Néanmoins, tout en créant des convergences avec les autres mouvements de résistance et de transformation sociale, il est important de rester vigilant.e.s pour ne pas perdre l’horizon des luttes féministes.
Dans de nombreux pays et régions du monde, la résurgence de conservatismes sociaux, traditionnels et religieux constitue un grand danger. Les femmes continuent d’être victimes de violences et de discriminations. On assiste même parfois à de véritables retours en arrière, notamment en matière d’accès aux droits pour les femmes, dans la sphère privée comme publique, y compris dans certains pays où ces droits sont considérés comme acquis.
Les freins à l’accès aux droits sexuels et reproductifs sont par exemple encore nombreux (sociaux, politiques ou matériels) et les femmes doivent toujours se battre pour pouvoir choisir d’avoir un enfant ou pas, disposer librement de leurs corps, décider de leur vie sexuelle ou encore de leur identité de genre. Ce, sans craindre d’être persécutées ou poursuivies en justice, notamment les lesbiennes qui se trouvent doublement discriminées, par leur genre et leur orientation sexuelle. En Europe par exemple, on assiste à la montée des partis conservateurs, nationalistes, xénophobes et racistes qui, au nom de la laïcité et de la défense des droits des femmes, stigmatisent les populations immigrées, alors qu’en réalité leurs programmes représentent une menace rétrograde pour les femmes et leurs acquis sociaux.
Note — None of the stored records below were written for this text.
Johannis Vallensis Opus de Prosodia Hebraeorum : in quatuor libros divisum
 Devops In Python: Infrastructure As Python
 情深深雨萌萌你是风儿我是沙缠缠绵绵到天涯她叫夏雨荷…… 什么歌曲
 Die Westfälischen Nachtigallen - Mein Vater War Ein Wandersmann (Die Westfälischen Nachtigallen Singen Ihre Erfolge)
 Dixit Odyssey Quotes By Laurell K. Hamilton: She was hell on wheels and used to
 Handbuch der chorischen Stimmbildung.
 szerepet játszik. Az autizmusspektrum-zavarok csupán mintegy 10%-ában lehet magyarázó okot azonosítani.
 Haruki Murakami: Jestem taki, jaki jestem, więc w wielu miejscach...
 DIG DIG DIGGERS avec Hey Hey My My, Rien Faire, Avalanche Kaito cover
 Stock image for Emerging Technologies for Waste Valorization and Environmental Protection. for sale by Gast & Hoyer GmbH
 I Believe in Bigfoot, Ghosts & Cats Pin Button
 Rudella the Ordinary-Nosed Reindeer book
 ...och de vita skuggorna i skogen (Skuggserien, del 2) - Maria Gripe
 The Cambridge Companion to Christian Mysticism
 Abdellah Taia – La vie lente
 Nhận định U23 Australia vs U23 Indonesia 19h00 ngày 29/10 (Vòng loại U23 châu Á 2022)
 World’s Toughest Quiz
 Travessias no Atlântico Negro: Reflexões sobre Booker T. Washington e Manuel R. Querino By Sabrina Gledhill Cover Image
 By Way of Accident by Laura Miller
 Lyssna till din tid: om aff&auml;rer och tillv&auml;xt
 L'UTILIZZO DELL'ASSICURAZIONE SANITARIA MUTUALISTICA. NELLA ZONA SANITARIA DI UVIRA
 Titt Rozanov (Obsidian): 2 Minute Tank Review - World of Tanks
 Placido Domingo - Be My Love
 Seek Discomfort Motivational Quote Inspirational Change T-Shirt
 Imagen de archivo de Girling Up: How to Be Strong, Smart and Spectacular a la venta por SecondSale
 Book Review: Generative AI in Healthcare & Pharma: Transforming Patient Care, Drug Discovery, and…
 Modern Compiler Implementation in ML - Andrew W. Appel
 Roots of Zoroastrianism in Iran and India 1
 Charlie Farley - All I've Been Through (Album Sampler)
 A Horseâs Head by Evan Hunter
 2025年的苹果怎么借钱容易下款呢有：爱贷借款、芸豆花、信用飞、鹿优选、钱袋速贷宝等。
Par ailleurs, de nombreuses batailles restent encore à mener en ce qui concerne l’accès à l’éducation, au vote ou au salaire égal à celui des hommes pour un même poste. Bien que la pauvreté recule à l’échelle mondiale, les femmes restent avantage
touchées : sur 1,3 milliard de personnes vivant sous le seuil de l’extrême pauvreté, sept sur dix sont des femmes [1]. L’indépendance économique est loin d’être gagnée. Une vulnérabilité qui fait perdurer la dépendance et contre laquelle les mouvements féministes et LGBTI continuent de lutter de manière spécifique, parfois même à travers des espaces de réflexion non-mixtes, pour que la parole soit complètement libérée et que des solidarités puissent se construire, y compris avec celles et ceux qui ne sont pas eux-mêmes confrontés à l’oppression mais qui souhaitent la voir disparaître.
À l’heure où la convergence des luttes est plus que jamais d’actualité, ce numéro de la collection Passerelle a pour objectif de faire le point sur les contributions des mouvements féministes à la construction de sociétés plus justes.
[1] Atlas mondial des femmes - Les paradoxes de l’émancipation. Éditions Autrement, Paris, 2015.